Thanks for the help.
I hadn't realized that Java was picking up the Lucene class from the
target/dependency/ directory, rather than from my Lucene installation.
I fixed this by replacing the Lucene jar in the dependency directory
with the only from Lucene 3.0.0, and now I get the
NullPointerException for the Lucene demo index as well:
r...@rob:~/svn/mahout$ java
org.apache.mahout.utils.vectors.lucene.Driver --dir
/home/rob/Reference/Installers/lucene-3.0.0/index --output
/home/rob/test/output --dictOut /home/rob/test/dict --max 50 --field
contents
Jan 18, 2010 2:06:14 PM org.slf4j.impl.JCLLoggerAdapter info
INFO: Output File: /home/rob/test/output
Exception in thread "main" java.lang.NullPointerException
at
org.apache.hadoop.io.serializer.SerializationFactory.getSerializer(SerializationFactory.java:73)
at org.apache.hadoop.io.SequenceFile$Writer.init(SequenceFile.java:910)
at
org.apache.hadoop.io.SequenceFile$RecordCompressWriter.<init>(SequenceFile.java:1074)
at org.apache.hadoop.io.SequenceFile.createWriter(SequenceFile.java:397)
at org.apache.hadoop.io.SequenceFile.createWriter(SequenceFile.java:284)
at org.apache.hadoop.io.SequenceFile.createWriter(SequenceFile.java:265)
at
org.apache.mahout.utils.vectors.lucene.Driver.getSeqFileWriter(Driver.java:226)
at org.apache.mahout.utils.vectors.lucene.Driver.main(Driver.java:197)
I then tried downgrading Lucene to 2.9.1 to see if this fixed the
NullPointerException, but I get the same problem:
java org.apache.mahout.utils.vectors.lucene.Driver --dir
/home/rob/Reference/Installers/lucene-2.9.1/index --output
/home/rob/test/output --dictOut /home/rob/test/dict --max 50 --field
contents
Jan 18, 2010 2:18:37 PM org.slf4j.impl.JCLLoggerAdapter info
INFO: Output File: /home/rob/test/output
Exception in thread "main" java.lang.NullPointerException
at
org.apache.hadoop.io.serializer.SerializationFactory.getSerializer(SerializationFactory.java:73)
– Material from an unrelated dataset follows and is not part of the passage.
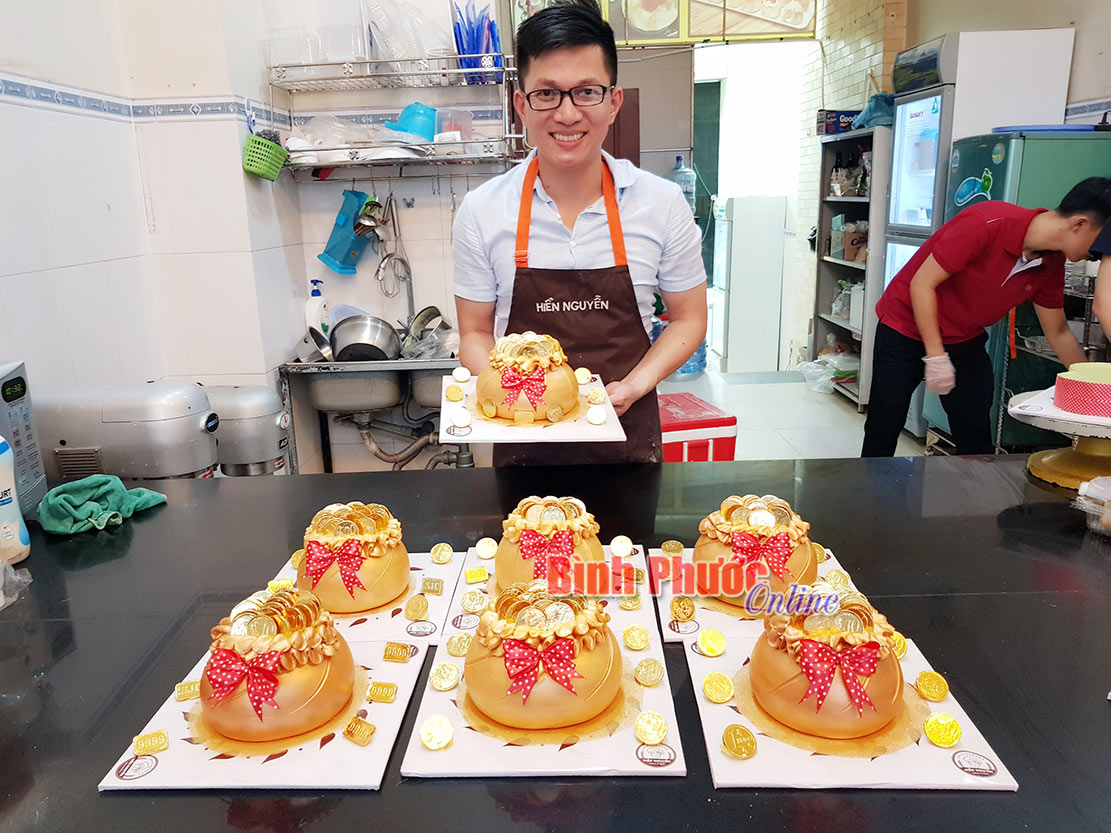 nguyenhien19062020102707.jpg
at org.apache.hadoop.io.SequenceFile$Writer.init(SequenceFile.java:910)
at
org.apache.hadoop.io.SequenceFile$RecordCompressWriter.<init>(SequenceFile.java:1074)
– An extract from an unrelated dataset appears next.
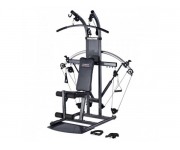 Фитнес cтанция Bio Force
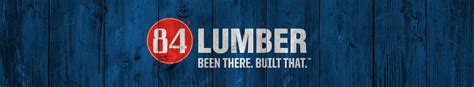 lumber yard associate interview questions glassdoor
at org.apache.hadoop.io.SequenceFile.createWriter(SequenceFile.java:397)
at org.apache.hadoop.io.SequenceFile.createWriter(SequenceFile.java:284)
at org.apache.hadoop.io.SequenceFile.createWriter(SequenceFile.java:265)
at
org.apache.mahout.utils.vectors.lucene.Driver.getSeqFileWriter(Driver.java:226)
at org.apache.mahout.utils.vectors.lucene.Driver.main(Driver.java:197)
Any idea what's going on here?
Thanks
-Rob
On Thu, Jan 14, 2010 at 10:01 PM, Shashikant Kore <[email protected]> wrote:
> The first problem seems to be index version incompatibility.
>
> Since you created index with Lucene 3.0, you will need the same
> version to read the index. It seem while creating the vectors, the
> version of Lucene is lower than that. Can you check if you are using
> the same lucene jar while creating vector?
>
> Not sure what the second problem is.
>
> --shashi
>
> On Fri, Jan 15, 2010 at 11:11 AM, Rob Ennals <[email protected]> wrote:
>> Hi Guys,
>>
>> I'm totally new to Mahout so I'm running into what I expect are newbie
>> issues.
>>
>> To get started with clustering, I tried importing some indexes from Lucene.
>>
>> Following the Lucene tutorial, I created a really simple index of the
>> Lucene source code:
>> http://lucene.apache.org/java/3_0_0/demo.html
>>
>> I then tried to convert this to a Mahout Vector, following as per
>> http://cwiki.apache.org/MAHOUT/creating-vectors-from-text.html
>>
>> This gives me a CorruptIndexException:
>>
>> r...@rob:~/svn/mahout$ java
>> org.apache.mahout.utils.vectors.lucene.Driver --dir
>> /home/rob/Reference/Installers/lucene-3.0.0/index --output
>> /home/rob/test/output --dictOut /home/rob/test/dict --max 50 --field
>> contents
>> Exception in thread "main"
>> org.apache.lucene.index.CorruptIndexException: Incompatible format
>> version: 2 expected 1 or lower
>> at org.apache.lucene.index.FieldsReader.<init>(FieldsReader.java:117)
>> at
>> org.apache.lucene.index.SegmentReader$CoreReaders.openDocStores(SegmentReader.java:277)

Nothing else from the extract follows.